Porsche has found a clever use for 3D printing technology. The company is experimenting with ways to produce 3D-printed seat cushions that will give buyers the option of specifying the amount of firmness they want.
Its engineering department starts with a shell made with carbon fiber to keep weight in check. It then adds a layer of foam and tops it with a 3D-printed piece, the firmness of which depends on each buyer’s preference. Enthusiasts will initially have three firmness options to choose from (hard, medium, and soft). The chosen upholstery tops this layer.
The honeycomb-shaped latticework that emerges from the 3D printer is visible on either side of the seatback, adding a touch of tech-infused coolness to the car’s cabin. Porsche explained the end result isn’t only about looks or comfort; the bucket seat is actually lighter when built using this technique than units it currently puts in its cars, and it’s more comfortable to sit on daily. It can be cooled or heated, too, so you won’t sweat or freeze.
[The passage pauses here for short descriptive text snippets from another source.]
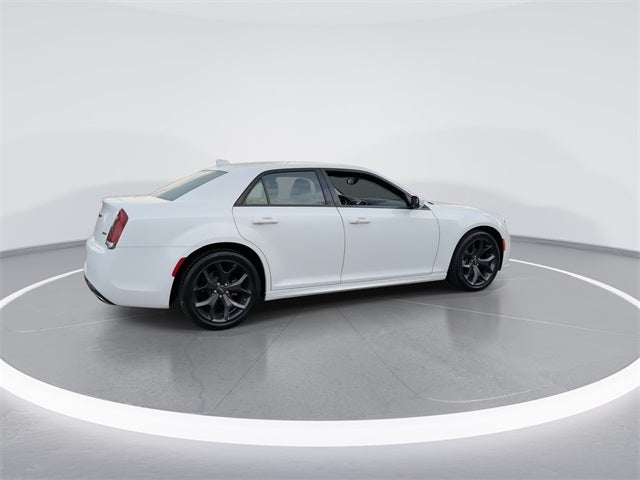 2023 Chrysler 300 Touring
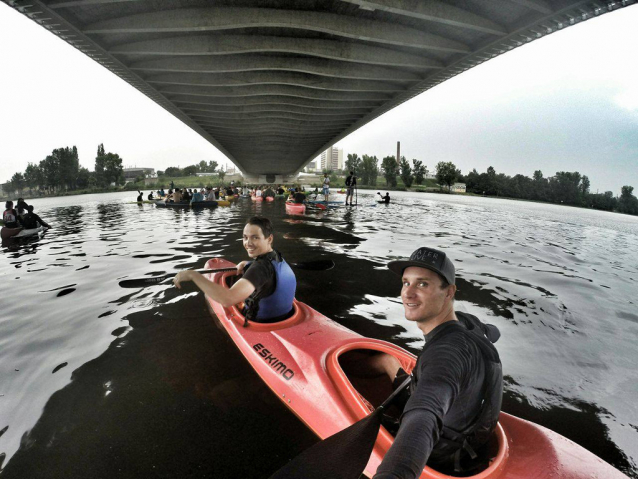 Prague Riverside Cross: Vodní slalom s biatlonem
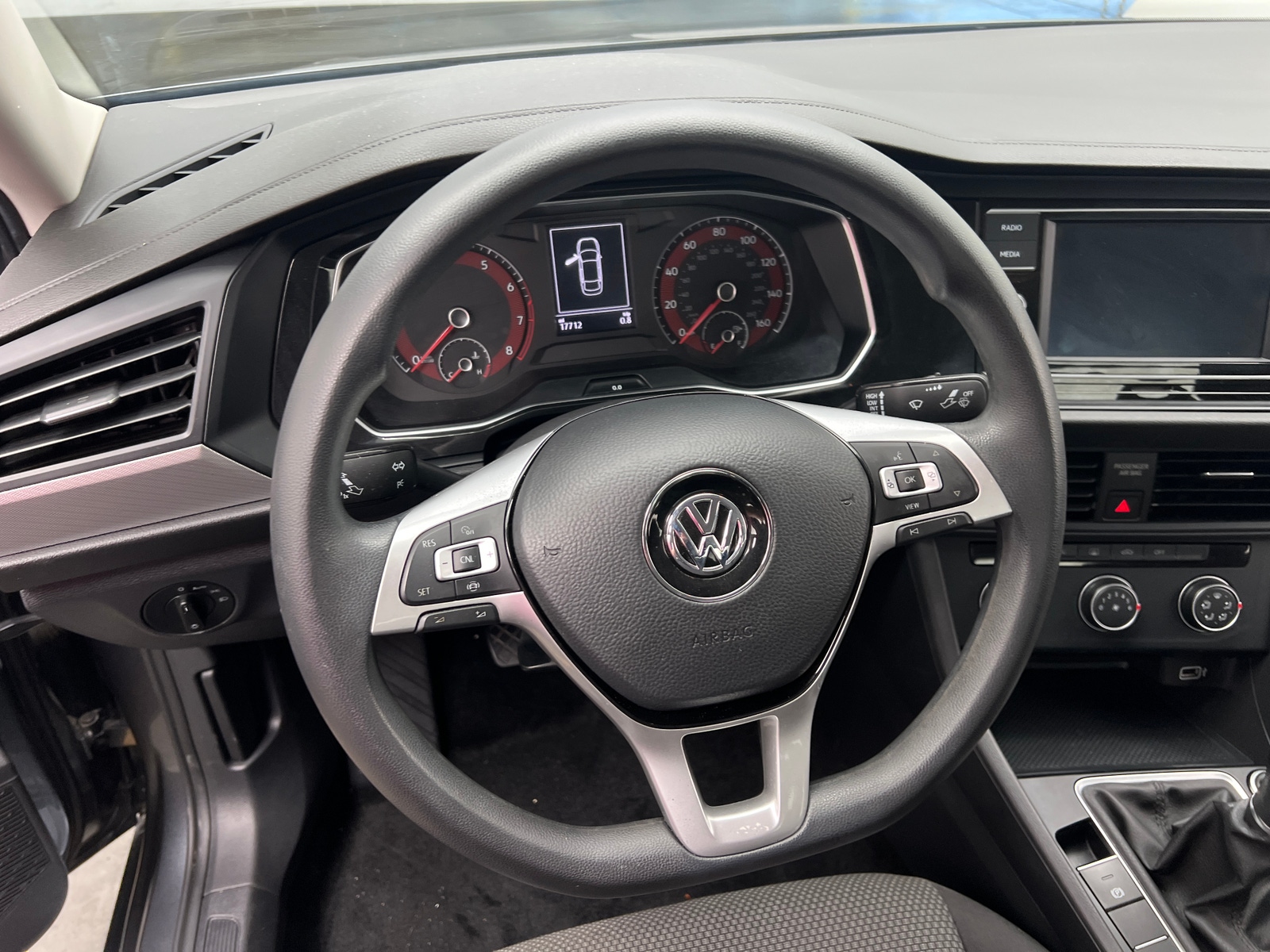 Thumbnail: 2019 Volkswagen Jetta - 5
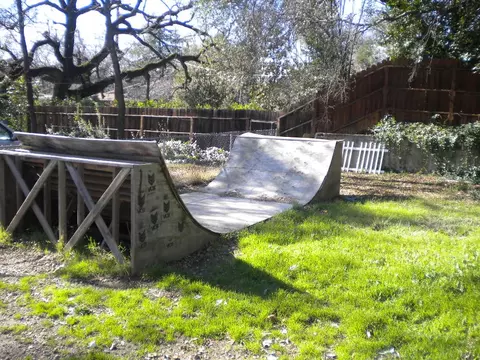 1448 Benton Dr, Redding, CA 96003 photo 8
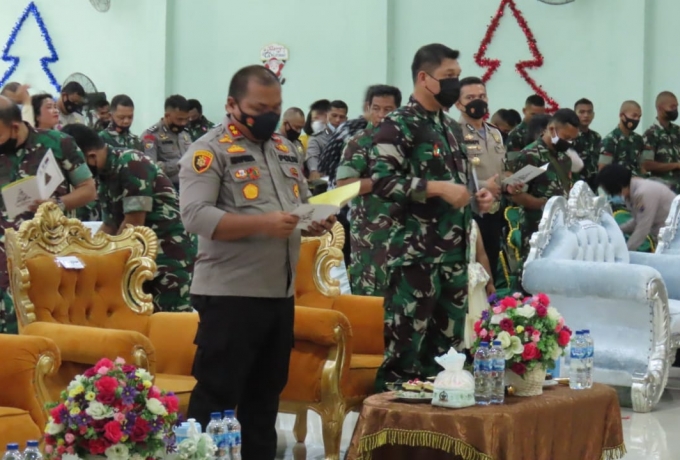 Dengan Tetap Mematuhi Prokes, Prajurit TNI dan Polri Rayakan Natal Secara Sederhana Makodim 0313/KPR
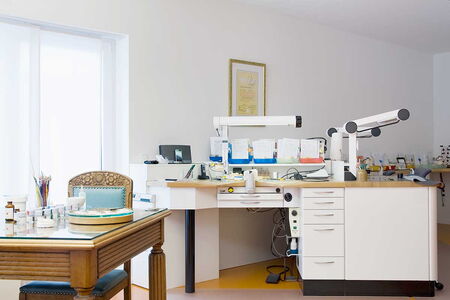 Meisterlabor - Tische mit Geräten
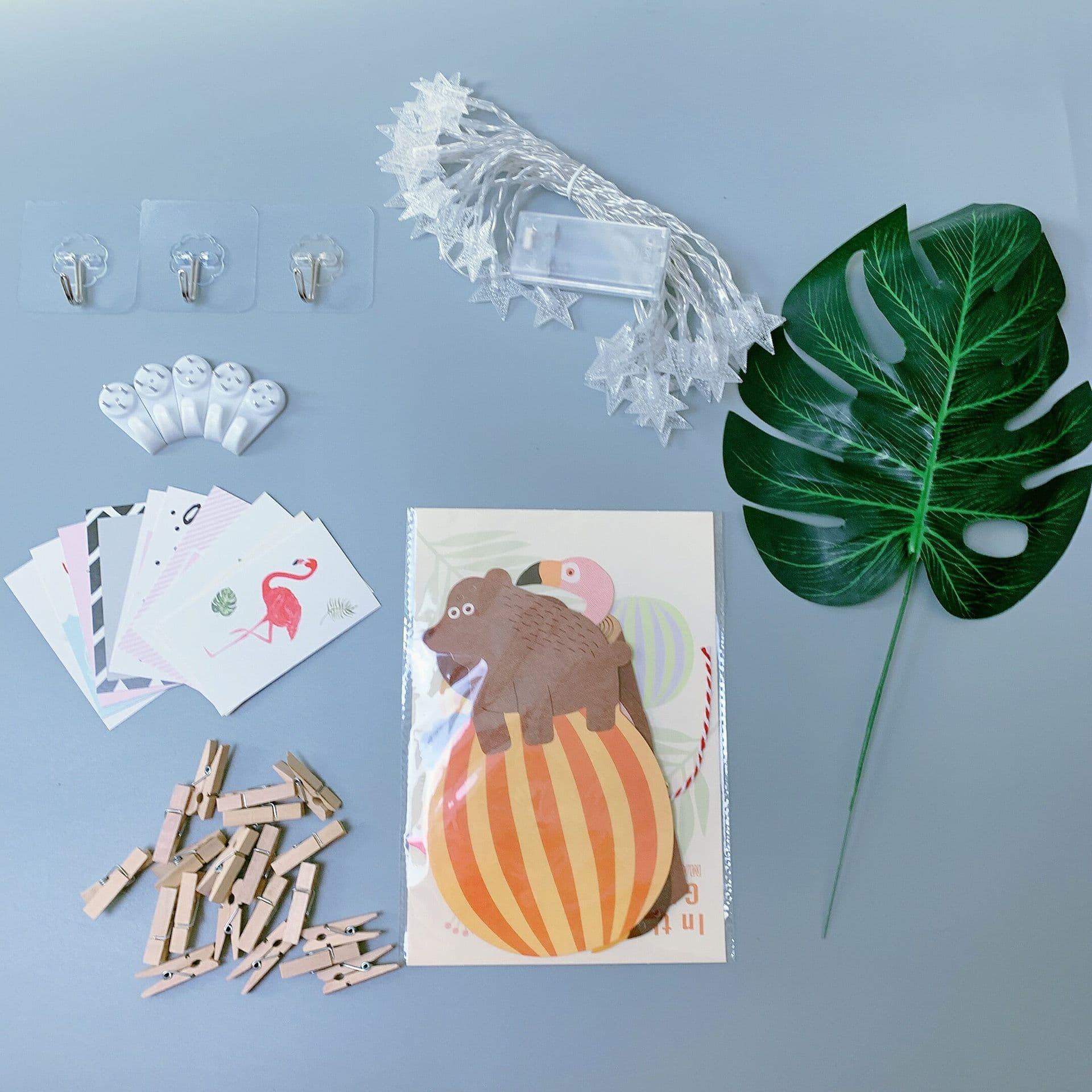 Oil painting frame installation accessories, traceless hooks, wall-mounted grid, dormitory decoration, photo wall hanging, traceless nails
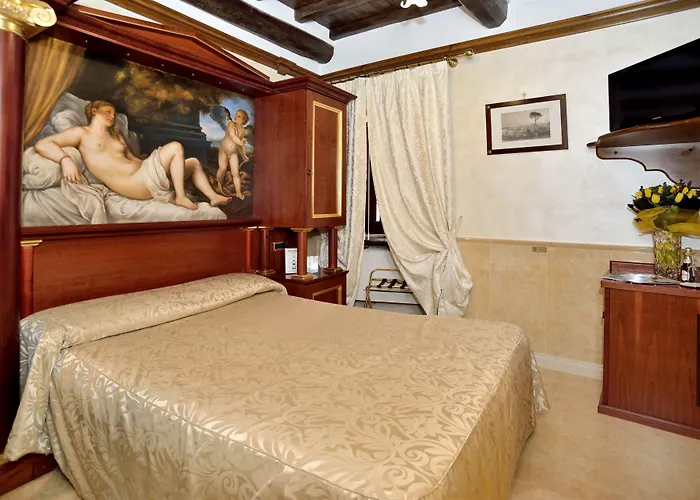 Otel Pantheon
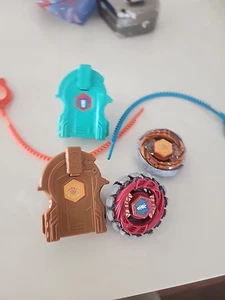 2 Beyblade Wolf Werfer - Bild 1 von 4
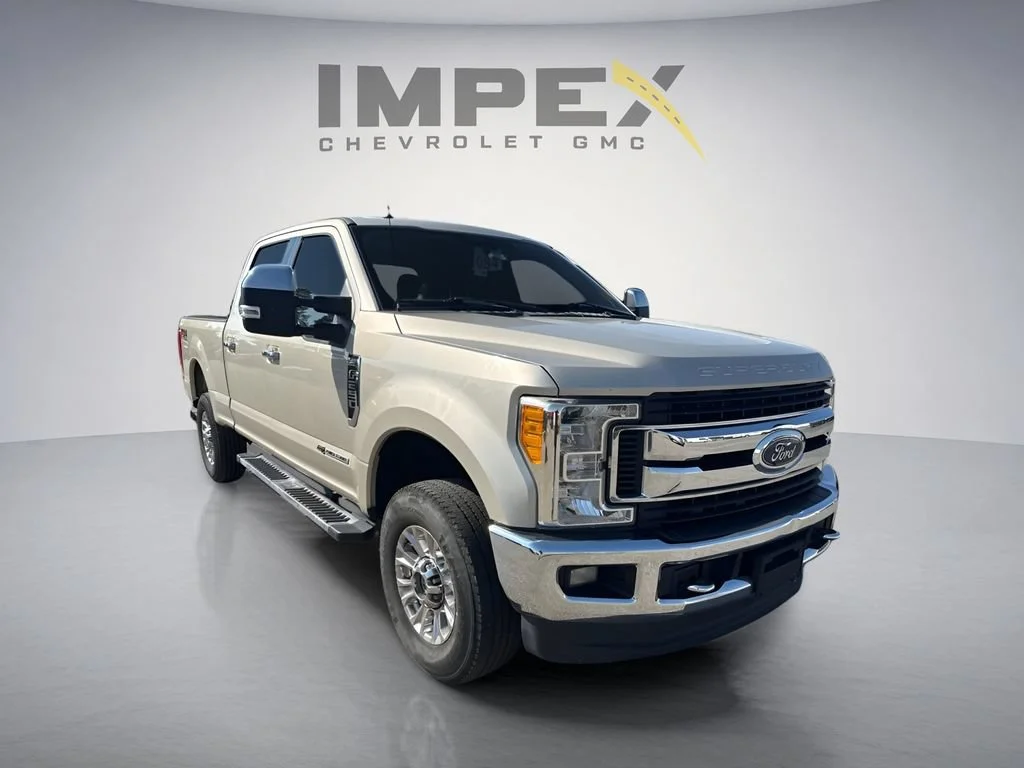 Used 2017  Ford Lariat image 7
Looking ahead, and if buyer demand is there, Porsche expects advancements in 3D printing technology will help it work with individual customers to create a custom-designed seat from scratch. Buyers will have the option of selecting the level of firmness and support they want, whether they need it heated or cooled, and its color. They might also have the option of letting someone at Porsche measure their body to develop a seat.
Porsche will begin making 3D-printed seat cushions for the 911 and the 718 in May 2020. It will initially cap production at 40 prototype units that will end up underneath the butts of European race car drivers. The feedback the company receives from these early adopters will help it improve the technology, and the cushions will join the long list of Porsche Exclusive Manufaktur options halfway through 2021. Pricing hasn’t been announced yet, but don’t expect this option to become a budget-friendly alternative to standard, one-size-fits-all seat cushions.
The idea of offering à la carte seats, Subway-style, isn’t new. The odds of you fitting in the 919 Hybrid that won the 2017 edition of the 24 Hours of Le Mans are spectacularly low because, like a majority of high-level race cars, it’s fitted with a seat tailored to the person designated to drive it. Porsche swapped seats at every driver change. This practice is rare in the lower echelons of the automotive industry because it’s costly, though Aston Martin is measuring the patootie of every person who buys a limited-edition Valkyrie hypercar so it can manufacture custom seats.